→ **EXERCISE REQUIREMENTS**
Beginning with the line that holds "Esta chica SALVÓ", set down each line of the data below through the very last, exactly as given, and nothing beyond that.

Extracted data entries

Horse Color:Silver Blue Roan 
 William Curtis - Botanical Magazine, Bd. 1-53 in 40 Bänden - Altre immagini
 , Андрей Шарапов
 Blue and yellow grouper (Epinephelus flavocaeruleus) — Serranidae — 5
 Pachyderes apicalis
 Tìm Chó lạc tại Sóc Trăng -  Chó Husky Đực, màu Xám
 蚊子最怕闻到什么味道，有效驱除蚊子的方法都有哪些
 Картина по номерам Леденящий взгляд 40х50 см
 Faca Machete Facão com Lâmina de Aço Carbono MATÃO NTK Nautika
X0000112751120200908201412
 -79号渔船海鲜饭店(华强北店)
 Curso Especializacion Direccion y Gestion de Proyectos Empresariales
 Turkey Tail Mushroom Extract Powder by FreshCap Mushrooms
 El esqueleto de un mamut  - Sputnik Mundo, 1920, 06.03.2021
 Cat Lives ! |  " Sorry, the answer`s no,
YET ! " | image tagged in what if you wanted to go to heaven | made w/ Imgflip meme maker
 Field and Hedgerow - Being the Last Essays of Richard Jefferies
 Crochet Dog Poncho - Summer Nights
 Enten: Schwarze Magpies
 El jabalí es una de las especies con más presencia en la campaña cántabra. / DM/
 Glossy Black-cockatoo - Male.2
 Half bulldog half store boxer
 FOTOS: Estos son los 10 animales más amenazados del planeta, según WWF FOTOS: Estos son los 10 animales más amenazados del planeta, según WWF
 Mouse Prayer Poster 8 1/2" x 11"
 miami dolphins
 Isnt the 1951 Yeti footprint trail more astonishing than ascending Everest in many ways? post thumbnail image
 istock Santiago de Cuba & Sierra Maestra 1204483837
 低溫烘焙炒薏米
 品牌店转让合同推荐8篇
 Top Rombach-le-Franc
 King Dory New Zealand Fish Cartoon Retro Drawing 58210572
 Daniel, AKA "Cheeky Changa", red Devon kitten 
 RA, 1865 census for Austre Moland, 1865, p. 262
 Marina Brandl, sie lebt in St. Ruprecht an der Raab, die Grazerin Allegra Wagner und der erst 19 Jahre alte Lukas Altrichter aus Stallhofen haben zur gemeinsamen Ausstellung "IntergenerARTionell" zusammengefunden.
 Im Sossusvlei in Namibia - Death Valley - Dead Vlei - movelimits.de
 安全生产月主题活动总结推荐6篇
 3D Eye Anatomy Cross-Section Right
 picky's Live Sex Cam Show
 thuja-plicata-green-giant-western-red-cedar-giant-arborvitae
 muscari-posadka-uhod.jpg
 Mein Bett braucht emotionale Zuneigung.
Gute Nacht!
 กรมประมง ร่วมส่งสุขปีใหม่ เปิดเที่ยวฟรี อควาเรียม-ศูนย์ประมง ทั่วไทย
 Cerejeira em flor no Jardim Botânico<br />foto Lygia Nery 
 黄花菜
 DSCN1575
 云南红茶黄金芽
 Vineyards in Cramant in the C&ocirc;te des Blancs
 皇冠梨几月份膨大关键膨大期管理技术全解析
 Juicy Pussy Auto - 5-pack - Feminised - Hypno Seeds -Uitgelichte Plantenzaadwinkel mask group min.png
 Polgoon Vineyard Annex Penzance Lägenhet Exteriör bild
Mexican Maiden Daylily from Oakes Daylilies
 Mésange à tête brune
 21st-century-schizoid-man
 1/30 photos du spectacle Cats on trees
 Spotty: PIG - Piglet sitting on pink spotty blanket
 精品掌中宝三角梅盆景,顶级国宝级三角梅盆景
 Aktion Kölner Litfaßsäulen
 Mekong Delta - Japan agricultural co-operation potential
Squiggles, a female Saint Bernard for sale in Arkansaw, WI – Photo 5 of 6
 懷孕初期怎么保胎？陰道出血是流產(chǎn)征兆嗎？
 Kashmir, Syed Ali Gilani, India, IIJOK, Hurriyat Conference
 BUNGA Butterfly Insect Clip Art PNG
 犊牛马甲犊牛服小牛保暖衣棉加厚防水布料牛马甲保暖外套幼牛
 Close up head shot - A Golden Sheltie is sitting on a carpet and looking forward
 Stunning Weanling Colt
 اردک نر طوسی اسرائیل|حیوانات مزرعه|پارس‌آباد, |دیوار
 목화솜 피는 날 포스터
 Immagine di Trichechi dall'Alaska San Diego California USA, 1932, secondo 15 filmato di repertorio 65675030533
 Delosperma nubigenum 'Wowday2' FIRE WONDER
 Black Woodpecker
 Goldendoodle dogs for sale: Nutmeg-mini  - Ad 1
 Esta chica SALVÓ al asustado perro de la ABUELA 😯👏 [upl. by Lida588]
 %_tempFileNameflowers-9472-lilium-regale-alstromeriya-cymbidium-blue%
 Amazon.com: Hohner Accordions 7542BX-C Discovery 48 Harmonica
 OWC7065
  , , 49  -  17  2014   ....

→ **ANSWER BELOW**
 Esta chica SALVÓ al asustado perro de la ABUELA 😯👏 [upl. by Lida588]
 %_tempFileNameflowers-9472-lilium-regale-alstromeriya-cymbidium-blue%
 Amazon.com: Hohner Accordions 7542BX-C Discovery 48 Harmonica
 OWC7065
  , , 49  -  17  2014   ....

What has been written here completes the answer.